Only the lines from the one containing "此商品48小時內快速出貨》B" through the end of the data are wanted, reproduced exactly and without pictures.

#### DATA ####

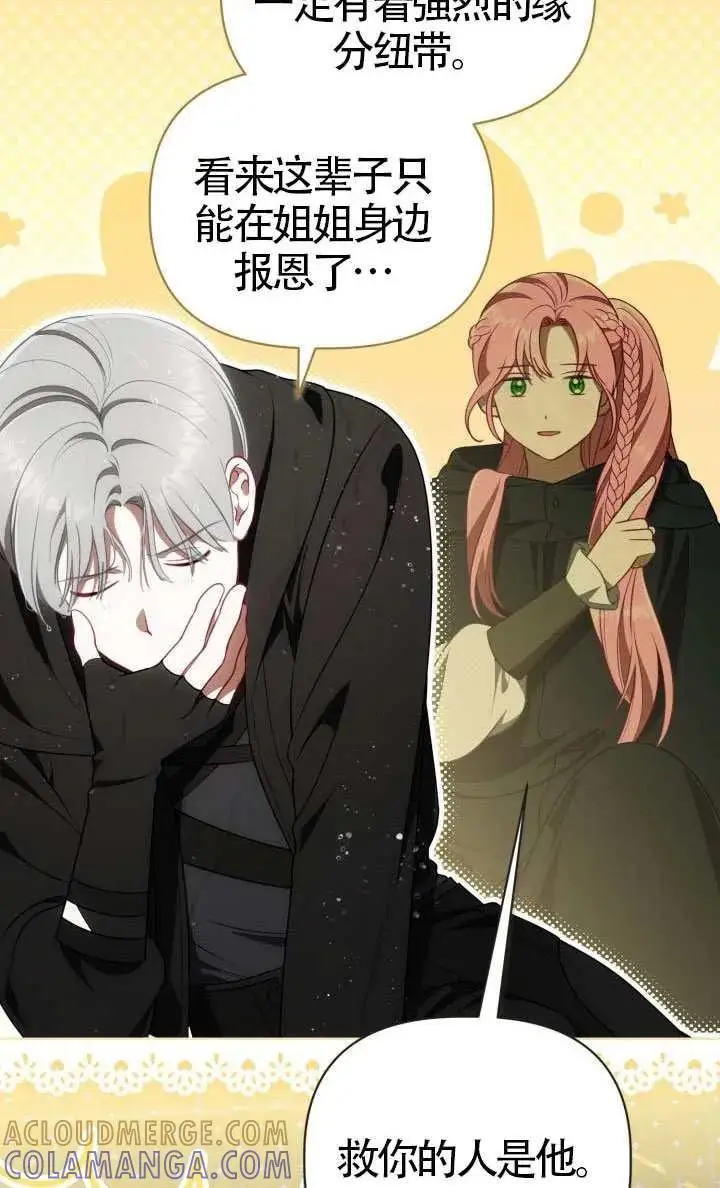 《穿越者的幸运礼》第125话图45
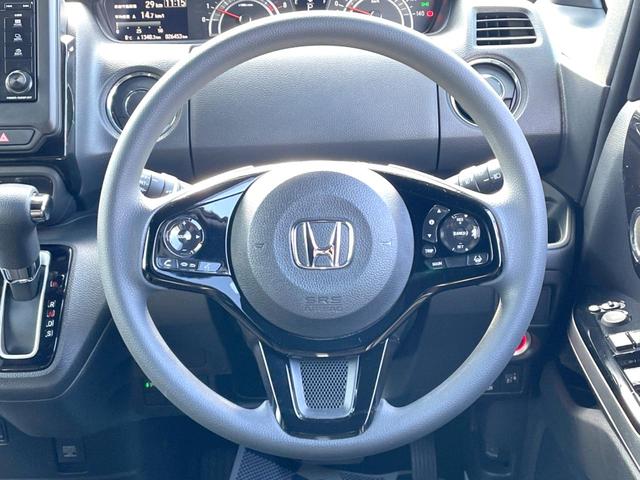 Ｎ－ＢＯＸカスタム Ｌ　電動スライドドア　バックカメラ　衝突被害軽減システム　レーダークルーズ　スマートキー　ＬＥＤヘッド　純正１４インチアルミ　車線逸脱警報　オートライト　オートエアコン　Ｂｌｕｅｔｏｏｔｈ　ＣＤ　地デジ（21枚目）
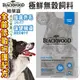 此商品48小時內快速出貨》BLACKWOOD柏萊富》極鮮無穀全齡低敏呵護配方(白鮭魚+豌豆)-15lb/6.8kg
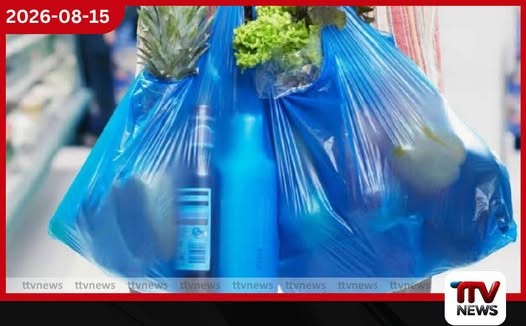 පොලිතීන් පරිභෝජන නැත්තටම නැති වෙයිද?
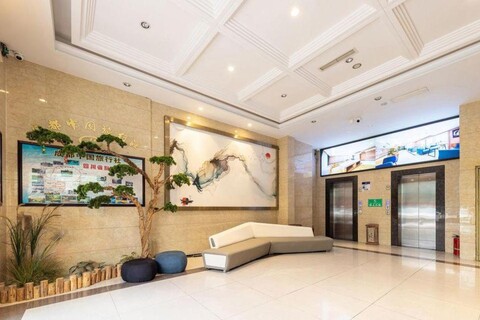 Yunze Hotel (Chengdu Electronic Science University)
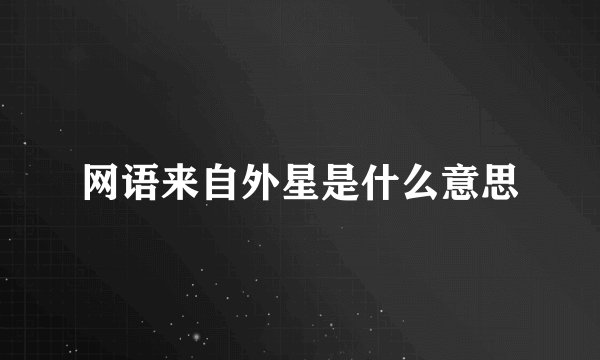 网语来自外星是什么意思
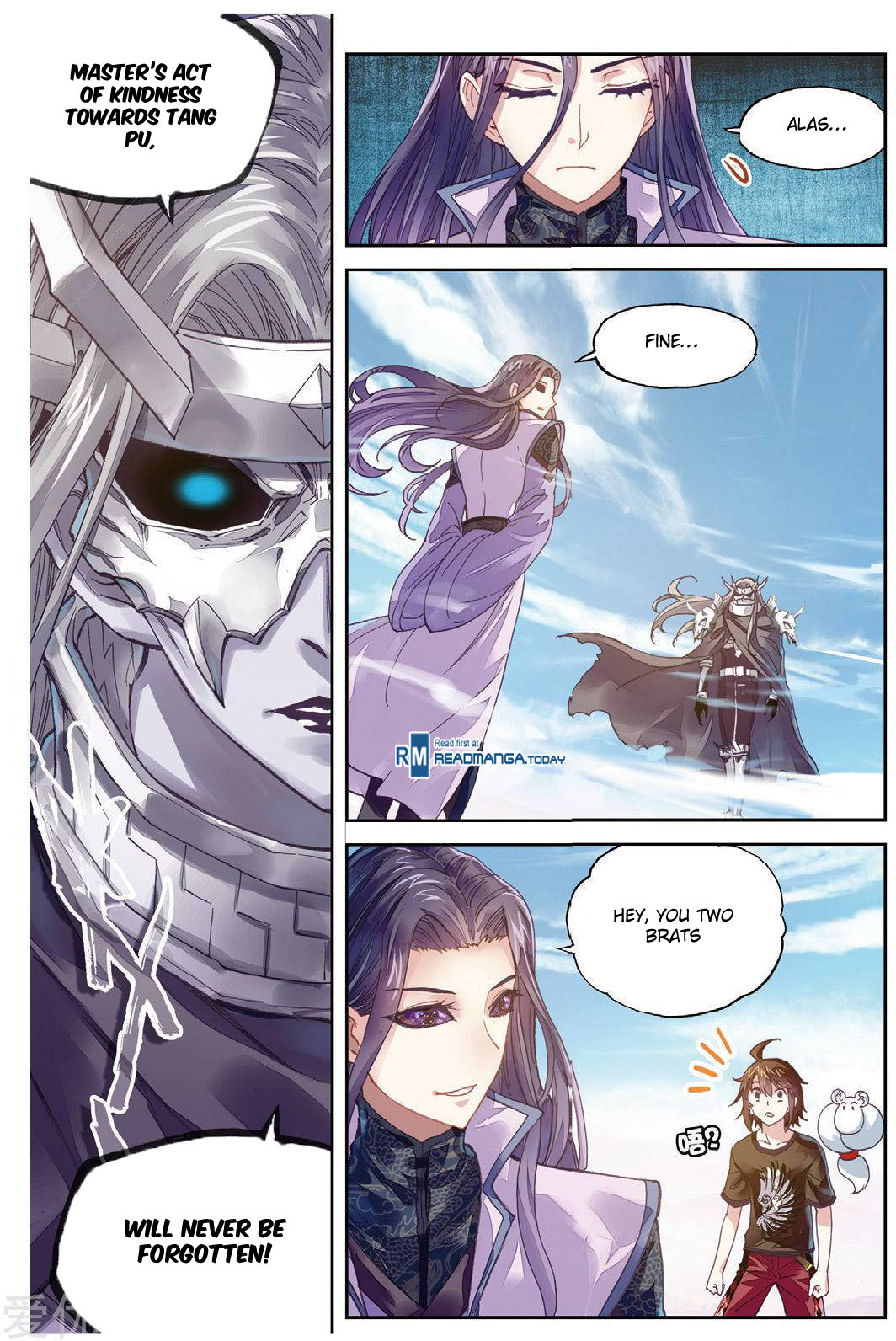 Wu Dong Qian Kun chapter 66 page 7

####

WRITTEN RESPONSE:
 此商品48小時內快速出貨》BLACKWOOD柏萊富》極鮮無穀全齡低敏呵護配方(白鮭魚+豌豆)-15lb/6.8kg
 පොලිතීන් පරිභෝජන නැත්තටම නැති වෙයිද?
 Yunze Hotel (Chengdu Electronic Science University)
 网语来自外星是什么意思
 Wu Dong Qian Kun chapter 66 page 7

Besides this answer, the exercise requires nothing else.